Muitos anos se passaram. Hoje, bem velho, Adão mora e dorme no mesmo lugar. Raramente passo por ele, mas não desisti de retirá-lo da rua.

Teresa já morreu. De tuberculose e frio, na rua Grão Mogol, em frente ao açougue do Geraldo. Era uma mulher muito feia, negra, magérrima, com um bigodinho em cima dos lábios que a fazia parecer uma bruxa. Carregava sempre uma boneca e cantava lindas canções de ninar. Às vezes, entrava na igreja do Carmo, domingo à noite, entoando as músicas sacras com voz firme e afinada. Frei Cláudio interrompia a missa, cumprimentava-a e ela ficava satisfeita. Gostava também de varrer a calçada onde morava. Varria o mesmo lugar sem parar, com zelo de uma dona de casa exemplar. Diziam que ela enlouquecera quando perdeu a filha em um incêndio no barraco que moravam. A boneca foi a solução que a sábia Teresa encontrou para continuar vivendo, embalando-a com todo seu carinho materno. Não deixou a fonte secar...

Marcela, pequena grande mulher, dona de nome tão belo – me faz lembrar a cheirosa flor macela – não tive a alegria de conhecê-la pessoalmente.

Fiquei sabendo de sua história exatamente no dia de sua morte, pela internet. Mas o relato de sua vida, traçado em poucas linhas por seu grande amigo Franklin, foi tão emocionante que me fez aproximar de sua alma como se já a conhecesse por longo tempo.

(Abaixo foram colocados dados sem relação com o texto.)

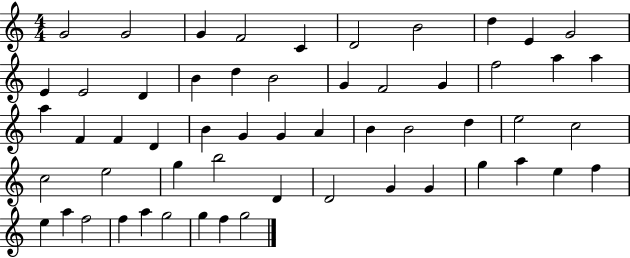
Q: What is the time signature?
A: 4/4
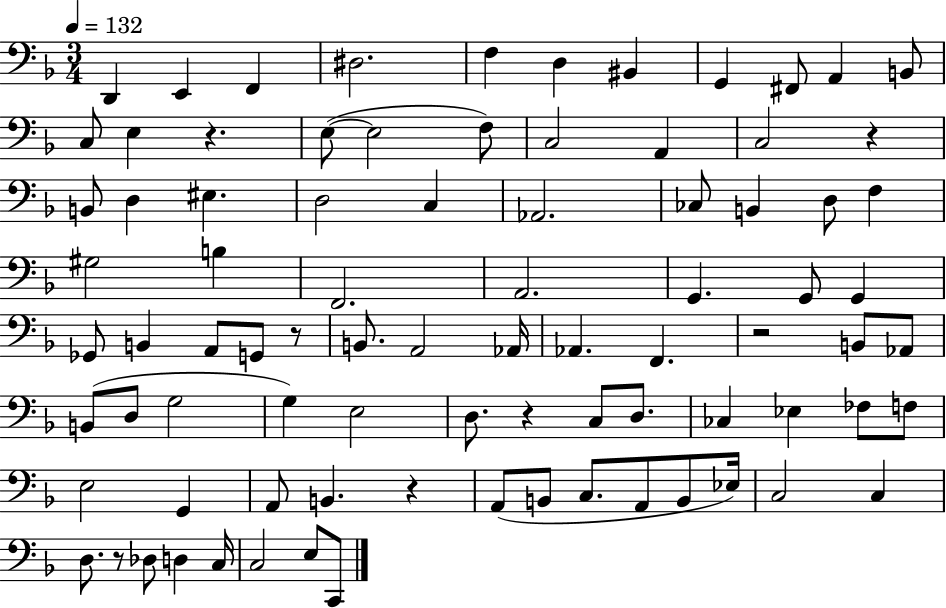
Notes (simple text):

D2/q E2/q F2/q D#3/h. F3/q D3/q BIS2/q G2/q F#2/e A2/q B2/e C3/e E3/q R/q. E3/e E3/h F3/e C3/h A2/q C3/h R/q B2/e D3/q EIS3/q. D3/h C3/q Ab2/h. CES3/e B2/q D3/e F3/q G#3/h B3/q F2/h. A2/h. G2/q. G2/e G2/q Gb2/e B2/q A2/e G2/e R/e B2/e. A2/h Ab2/s Ab2/q. F2/q. R/h B2/e Ab2/e B2/e D3/e G3/h G3/q E3/h D3/e. R/q C3/e D3/e. CES3/q Eb3/q FES3/e F3/e E3/h G2/q A2/e B2/q. R/q A2/e B2/e C3/e. A2/e B2/e Eb3/s C3/h C3/q D3/e. R/e Db3/e D3/q C3/s C3/h E3/e C2/e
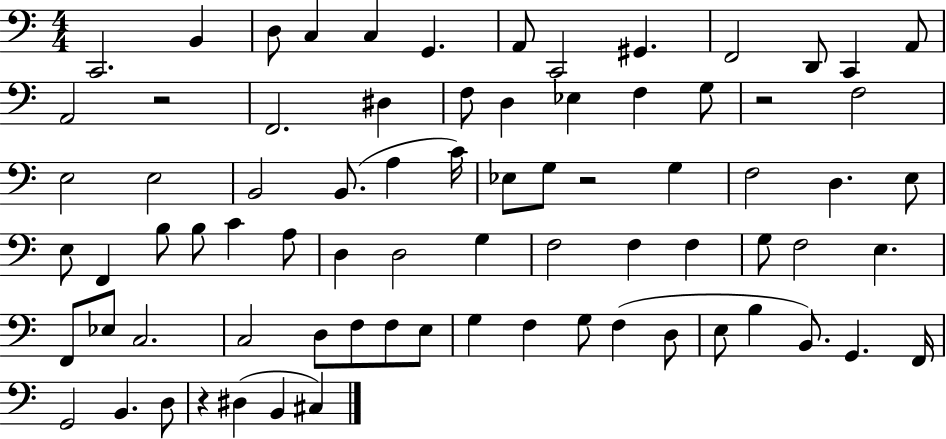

Doou toda a sua vida, seu tempo, seus recursos do trabalho de bibliotecária em uma escola municipal de Belo Horizonte, em prol de animais doentes, atropelados e abandonados pelas ruas. Alugou uma casa para onde levava os bichos resgatados e os recuperava, tratando de suas feridas e de sua confiança nos animais humanos. Todos os dias, após o trabalho, pegava quatro ônibus para ir alimentá-los, sempre sozinha e decidida.

Marcela é a Santa Clara dos dias de hoje. Nem uma doença terrível a impediu de lutar pelos seus animais. Entregou sua vida a eles. E, em seu leito de morte, chamou seu fiel amigo e pediu-lhe que não os abandonasse para poder partir em paz. Morreu feliz, sabendo que seu último desejo seria atendido.

Agora, Franklin, que também é meio et – aliás, acho que ele é o São Francisco dos dias de hoje – pega os quatro ônibus para ir até a casa dos animais para deles cuidar e honrar sua promessa. Quem se habilita a ajudá-lo ou quem quer adotar um dos bichinhos?

Vou parar por aqui. Deixo a minha conclusão que, neste planeta, há mais estranhos do que supõe a vã filosofia de algum sábio.

(*) Dedico esta crônica aos “estrangeiros “que têm passado pela minha vida e me ensinado muitas coisas. Dentre outros, meu pai, Franklin e frei Cláudio.